Tests were made using LmBench [5]. We also used the informal Linux benchmark of compiling the kernel, which is a traditional measure of Linux performance. The mix of process creation, file I/O, and computation in the kernel compile is a good guess at a typical user load in a system used for program development.
Performance comparisons were made against various versions of the kernel. In our evaluations we compare the kernel against the original version without the optimizations discussed in this paper. This highlights each optimizations alone without the others. This lets us look more closely at how each change affects the kernel by itself before comparing all optimizations in aggregate. This turned out to be very useful as many optimizations did not interact as we expected them to and the end effect was not the sum off all the optimizations. Some optimizations even cancelled the effect of previous ones. So, measurements are relative to the original (unoptimized) kernel versus only the specific optimization being discussed for comparison unless otherwise noted.

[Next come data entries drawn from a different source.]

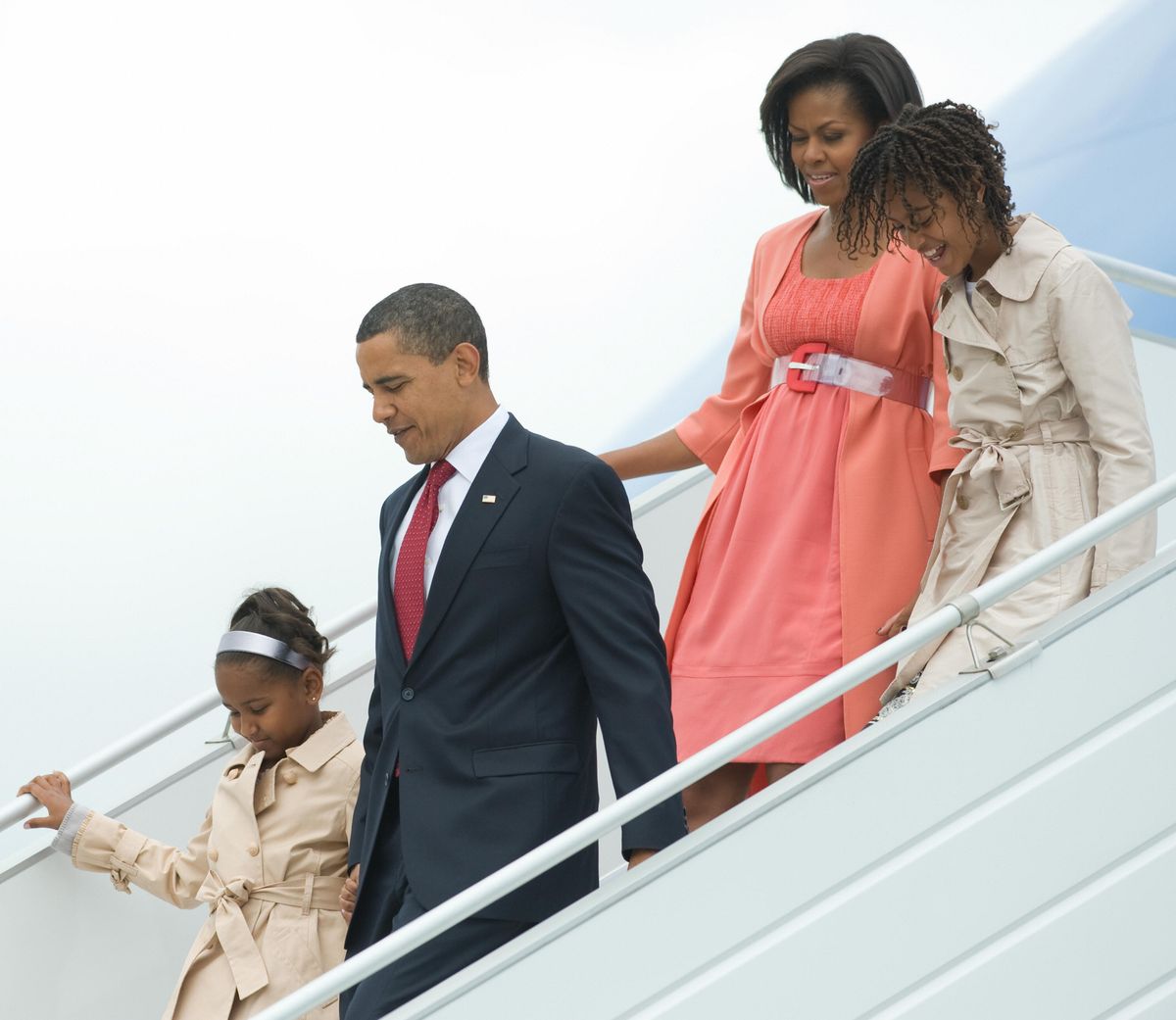 US President Barack Obama walks alongside First Lady Michelle Obama and daughters Sasha and Malia after arriving on Air Force One in Moscow on July 6, 2009.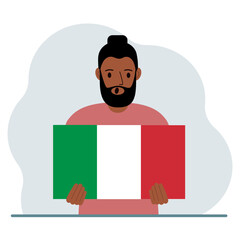 A man holds an Italian flag in his hands. The concept of demonstration, national holiday or patriotism.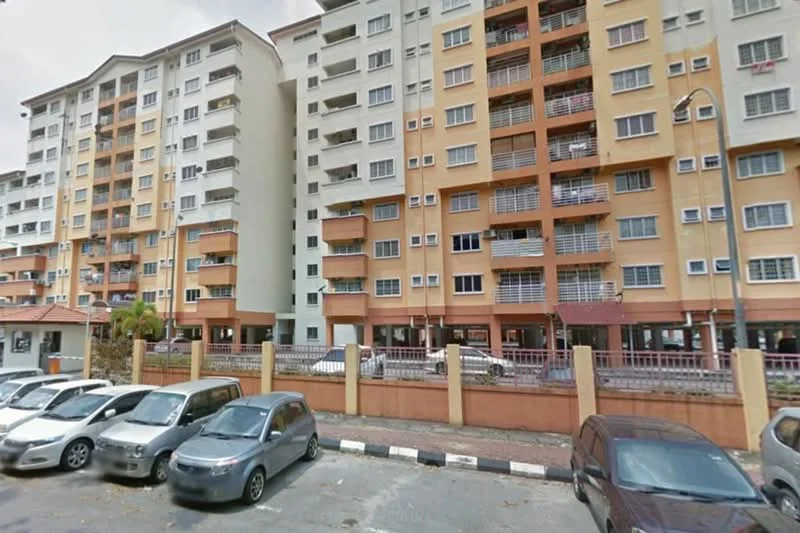 Exterior type: mid-rise condominium; features: cream painted facade, orange accent panels, balconies with metal railings, multiple windows, ground-level parking area, surrounding fence, landscaped entrance, visible parking spaces; style: modern.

Finally, we gathered low-level statistics with the PPC 604 hardware monitor. Using this monitor we were able to characterize the system's behavior in great detail by counting every TLB and cache miss, whether data or instruction. Software counters on the 603 were used to serve in much the same fashion as hardware performance monitoring hardware on the 604, but with a less fine-grained scope.
We make many references to the 603 software versus the 604 hardware TLB reload mechanism. In this context, when we refer to the 604 we mean the 604 style of TLB reloads (in hardware) which includes the 750 and 601.